Lembro-me muito bem que nós, as meninas das ruas Campos Sales e Afonso Pena, nos reuníamos aos domingos na porta do Cine Lacerda, para a matinê: vestidinho novo feito pela costureira do bairro, “bombom” de hortelã (assim chamávamos, por aqui, as balas) e muita, muita animação.
Num domingo, uma surpresa: o filme era proibido para menores de 12 anos. O nome do filme? A BOLHA ASSASSINA.
Depois de muito choro e negociação, tentando provar que já tínhamos a idade exigida (não tínhamos, claro!), conseguimos entrar no cinema. Era incrível a sensação de liberdade que se tinha ali, pois ao contrário das herméticas salas de cinema, aquela era a céu aberto, uma beleza!... Menos quando chovia; mas esta é outra história.
Começa o filme: É noite. Lugar ermo. Um casal de namorados dos anos cinquenta aparece sentado displicentemente nos vistosos assentos do carro do rapaz. O carro, tipo conversível rabo de peixe sem capota, reluz de tão novo. Em meio aos beijos inocentes do cinema da época, o casal repara em um estranho risco colorido que cruza o céu, rápido como um raio: seria uma estrela? seria um meteoro? seria um avião? Não, não era nada disso.
A namorada, loiríssima, de penteado alto e duro de laquê, vestida com saia rodada e blusinha decotada, lança um olhar de curiosidade ao rapazola, o namoradinho dono do conversível rabo de peixe. Ele ajeita o topete ensopado de gomalina, lança-lhe um olhar quarenta e três (a la James Dean) e levanta a sobrancelha direita numa expressão de muita, muita preocupação: que diabo será aquilo que passou no céu?

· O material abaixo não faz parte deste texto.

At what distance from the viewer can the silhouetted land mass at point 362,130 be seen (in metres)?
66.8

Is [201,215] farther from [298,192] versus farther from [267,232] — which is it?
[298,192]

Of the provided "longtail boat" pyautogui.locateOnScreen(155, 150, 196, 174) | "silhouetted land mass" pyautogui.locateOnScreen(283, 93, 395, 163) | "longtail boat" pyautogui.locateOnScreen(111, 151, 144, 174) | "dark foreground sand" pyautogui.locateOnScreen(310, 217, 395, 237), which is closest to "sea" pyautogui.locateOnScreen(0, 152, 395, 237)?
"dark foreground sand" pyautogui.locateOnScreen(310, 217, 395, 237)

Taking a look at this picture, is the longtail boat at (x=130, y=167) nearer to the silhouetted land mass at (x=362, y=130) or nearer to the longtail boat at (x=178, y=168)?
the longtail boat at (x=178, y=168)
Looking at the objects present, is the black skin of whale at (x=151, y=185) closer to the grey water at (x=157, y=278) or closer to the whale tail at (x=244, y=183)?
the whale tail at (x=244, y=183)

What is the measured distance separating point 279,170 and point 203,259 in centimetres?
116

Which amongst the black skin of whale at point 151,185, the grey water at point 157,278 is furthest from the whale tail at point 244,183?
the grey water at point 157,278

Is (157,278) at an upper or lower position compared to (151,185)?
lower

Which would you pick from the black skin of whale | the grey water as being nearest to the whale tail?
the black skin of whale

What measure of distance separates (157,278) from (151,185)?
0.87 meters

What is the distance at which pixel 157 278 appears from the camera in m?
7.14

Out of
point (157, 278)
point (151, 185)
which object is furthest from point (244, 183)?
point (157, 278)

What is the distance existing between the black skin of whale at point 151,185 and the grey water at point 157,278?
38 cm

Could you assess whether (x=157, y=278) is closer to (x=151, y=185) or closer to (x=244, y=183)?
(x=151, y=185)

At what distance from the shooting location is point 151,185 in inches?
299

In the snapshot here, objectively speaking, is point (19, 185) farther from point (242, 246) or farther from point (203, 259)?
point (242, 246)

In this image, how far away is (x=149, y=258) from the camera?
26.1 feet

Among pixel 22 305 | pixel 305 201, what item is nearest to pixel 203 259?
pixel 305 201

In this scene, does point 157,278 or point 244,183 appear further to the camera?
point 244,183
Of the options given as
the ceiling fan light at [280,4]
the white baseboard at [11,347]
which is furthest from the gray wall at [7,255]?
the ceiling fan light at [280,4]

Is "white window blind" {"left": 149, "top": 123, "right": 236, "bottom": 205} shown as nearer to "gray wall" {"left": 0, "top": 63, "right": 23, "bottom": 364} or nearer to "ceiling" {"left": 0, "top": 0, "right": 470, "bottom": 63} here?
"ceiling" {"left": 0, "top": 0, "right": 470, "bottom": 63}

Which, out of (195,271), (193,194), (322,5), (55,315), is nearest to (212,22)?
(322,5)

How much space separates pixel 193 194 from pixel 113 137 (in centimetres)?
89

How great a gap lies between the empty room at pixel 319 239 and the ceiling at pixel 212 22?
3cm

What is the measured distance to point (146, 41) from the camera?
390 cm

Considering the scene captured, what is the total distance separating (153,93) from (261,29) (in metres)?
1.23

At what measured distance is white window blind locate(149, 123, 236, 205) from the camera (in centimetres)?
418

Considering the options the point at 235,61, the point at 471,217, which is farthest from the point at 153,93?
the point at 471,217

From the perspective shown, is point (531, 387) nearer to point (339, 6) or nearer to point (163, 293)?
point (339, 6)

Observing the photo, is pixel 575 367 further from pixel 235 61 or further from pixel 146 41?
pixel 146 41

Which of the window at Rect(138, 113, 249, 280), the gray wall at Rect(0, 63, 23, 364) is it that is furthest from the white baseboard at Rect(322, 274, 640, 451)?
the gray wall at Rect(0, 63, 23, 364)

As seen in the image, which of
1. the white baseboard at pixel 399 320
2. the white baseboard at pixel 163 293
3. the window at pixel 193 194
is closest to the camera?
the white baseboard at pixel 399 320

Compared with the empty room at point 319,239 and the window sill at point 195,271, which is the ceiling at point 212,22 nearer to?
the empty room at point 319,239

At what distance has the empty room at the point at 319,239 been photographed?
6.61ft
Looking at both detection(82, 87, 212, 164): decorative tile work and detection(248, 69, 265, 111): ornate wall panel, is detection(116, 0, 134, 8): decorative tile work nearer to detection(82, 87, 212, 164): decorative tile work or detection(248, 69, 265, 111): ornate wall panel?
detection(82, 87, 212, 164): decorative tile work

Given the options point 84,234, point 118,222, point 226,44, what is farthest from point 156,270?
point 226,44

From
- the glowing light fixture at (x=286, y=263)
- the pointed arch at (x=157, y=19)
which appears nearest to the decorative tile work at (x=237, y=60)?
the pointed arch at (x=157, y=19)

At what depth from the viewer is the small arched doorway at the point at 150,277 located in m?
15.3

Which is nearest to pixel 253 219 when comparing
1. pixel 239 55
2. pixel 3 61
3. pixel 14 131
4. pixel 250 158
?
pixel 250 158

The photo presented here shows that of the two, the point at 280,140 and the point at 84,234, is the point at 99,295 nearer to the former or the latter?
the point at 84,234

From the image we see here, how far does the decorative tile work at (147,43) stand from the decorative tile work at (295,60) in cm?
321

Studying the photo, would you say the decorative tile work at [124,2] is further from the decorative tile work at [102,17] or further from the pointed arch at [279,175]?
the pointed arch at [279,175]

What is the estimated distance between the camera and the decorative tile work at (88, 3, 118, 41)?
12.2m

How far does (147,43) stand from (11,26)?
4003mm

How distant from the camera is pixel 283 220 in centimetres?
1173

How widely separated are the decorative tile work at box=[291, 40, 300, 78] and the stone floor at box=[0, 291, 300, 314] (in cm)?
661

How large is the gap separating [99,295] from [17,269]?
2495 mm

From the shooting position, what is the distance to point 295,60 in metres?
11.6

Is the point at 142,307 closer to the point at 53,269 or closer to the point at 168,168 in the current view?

Próximo dali, um velho de macacão jeans desbotado, sentado na varandinha de sua casa na zona rural americana, embala-se em uma também velha cadeira de balanço e fuma seu cigarro de palha, sossegado. De repente, o tal risco colorido cruza o céu sobre sua casa no meio do nada. O velho fica intrigado: o que será aquilo? Mal concluiu o pensamento, ouve um estrondo: o troço, seja lá o que for, caiu no seu quintal!
O velho corre pra ver, claro, e descobre, em meio a uma fumacinha, um profundo buraquinho no chão. Então, aproxima-se, olha daqui, olha dali, e não resiste à curiosidade. Pega uma vara e cutuca o buraquinho; é aí que surge uma pequena gosma. A gosma gruda na ponta da vara e escorre em direção à mão do velho.

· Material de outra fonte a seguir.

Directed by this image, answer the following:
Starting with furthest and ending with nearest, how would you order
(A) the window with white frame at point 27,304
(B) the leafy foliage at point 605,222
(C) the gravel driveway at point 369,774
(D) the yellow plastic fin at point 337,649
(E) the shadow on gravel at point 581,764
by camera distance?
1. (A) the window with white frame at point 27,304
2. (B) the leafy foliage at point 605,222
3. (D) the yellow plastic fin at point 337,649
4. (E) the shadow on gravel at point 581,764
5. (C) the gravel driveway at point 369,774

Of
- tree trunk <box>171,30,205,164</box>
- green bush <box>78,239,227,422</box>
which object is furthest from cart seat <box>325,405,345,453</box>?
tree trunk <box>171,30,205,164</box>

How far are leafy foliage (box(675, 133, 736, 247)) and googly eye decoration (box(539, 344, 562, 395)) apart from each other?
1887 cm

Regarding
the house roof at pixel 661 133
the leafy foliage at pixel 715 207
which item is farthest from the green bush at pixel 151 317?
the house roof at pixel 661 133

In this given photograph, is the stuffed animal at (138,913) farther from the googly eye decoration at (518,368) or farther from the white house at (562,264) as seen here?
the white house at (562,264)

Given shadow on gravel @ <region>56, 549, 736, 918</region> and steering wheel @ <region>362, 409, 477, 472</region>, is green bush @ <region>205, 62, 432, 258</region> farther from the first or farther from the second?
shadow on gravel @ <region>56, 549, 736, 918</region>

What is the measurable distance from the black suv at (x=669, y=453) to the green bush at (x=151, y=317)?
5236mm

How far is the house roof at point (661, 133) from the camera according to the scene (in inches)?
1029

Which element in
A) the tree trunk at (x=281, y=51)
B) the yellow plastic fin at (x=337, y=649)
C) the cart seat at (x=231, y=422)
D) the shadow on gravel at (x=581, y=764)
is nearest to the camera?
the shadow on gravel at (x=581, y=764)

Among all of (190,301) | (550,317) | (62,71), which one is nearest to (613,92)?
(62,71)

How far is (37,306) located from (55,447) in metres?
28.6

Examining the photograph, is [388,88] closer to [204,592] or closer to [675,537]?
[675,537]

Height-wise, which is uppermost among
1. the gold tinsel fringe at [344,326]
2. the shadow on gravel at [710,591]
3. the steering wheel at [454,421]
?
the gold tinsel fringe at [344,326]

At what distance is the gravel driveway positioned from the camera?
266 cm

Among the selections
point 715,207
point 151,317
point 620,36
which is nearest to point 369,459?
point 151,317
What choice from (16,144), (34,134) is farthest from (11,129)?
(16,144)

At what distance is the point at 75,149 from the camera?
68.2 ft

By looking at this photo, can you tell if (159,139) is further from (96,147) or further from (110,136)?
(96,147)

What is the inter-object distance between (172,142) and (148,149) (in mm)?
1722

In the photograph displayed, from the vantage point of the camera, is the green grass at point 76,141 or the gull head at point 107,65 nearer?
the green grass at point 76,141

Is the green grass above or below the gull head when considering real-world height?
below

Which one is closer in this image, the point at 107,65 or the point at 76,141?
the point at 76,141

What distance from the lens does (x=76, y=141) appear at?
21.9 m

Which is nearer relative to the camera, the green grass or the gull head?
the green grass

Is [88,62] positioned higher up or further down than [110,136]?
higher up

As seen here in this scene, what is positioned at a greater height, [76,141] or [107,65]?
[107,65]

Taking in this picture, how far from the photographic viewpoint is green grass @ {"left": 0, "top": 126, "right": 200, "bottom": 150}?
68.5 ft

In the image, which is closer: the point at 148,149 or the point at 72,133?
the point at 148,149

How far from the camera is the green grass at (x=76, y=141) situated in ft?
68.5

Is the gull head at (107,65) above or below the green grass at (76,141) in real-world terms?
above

O velho tenta soltar a vara, porém é tarde, muitíssimo tarde: o troço gosmento, de uma textura densa e pegajosa, espalha-se rapidamente pela mão, pelo braço, pelos ombros, enfim, pelo corpo inteiro do pobre homem, esmagando seu corpo como uma gigantesca jiboia. O homem grita, pede socorro, clama por ajuda, mas ninguém o ouve.
Depois de consumado o ato, ou seja, depois de pasteurizar literalmente o coitado do velhinho, a gosma (que é a “bolha”) cresce e parte em busca da próxima vítima.
O mais terrível de tudo era que nada detinha a “bolha”: ela infiltrava-se por baixo das portas, subia nos carros, nos prédios, enfim, era invencível. E ninguém conseguia escapar à sua fome devoradora - homens, mulheres, crianças e animais. Cada vez que devorava alguém, tornava-se maior e mais forte.
Nem preciso dizer que nós, as crianças, sentadas nas cadeiras do Cine Lacerda, quase morremos de tanta emoção. Aliás, não apenas nós, mas todos os que assistiam A BOLHA ASSASSINA, o filme mais assustador de minha infância. Gostei tanto do filme que o assisti nada menos do que cinco vezes, duas delas à noite, acompanhada das irmãs mais velhas.
Fico aqui a pensar na Bolha Assassina, no ingênuo cinema de antigamente e nas noites do Cine Lacerda, tempo em que o céu, todo bordado de estrelas, servia-nos de cobertor; era uma espécie de proteção contra o medo da bolha assassina.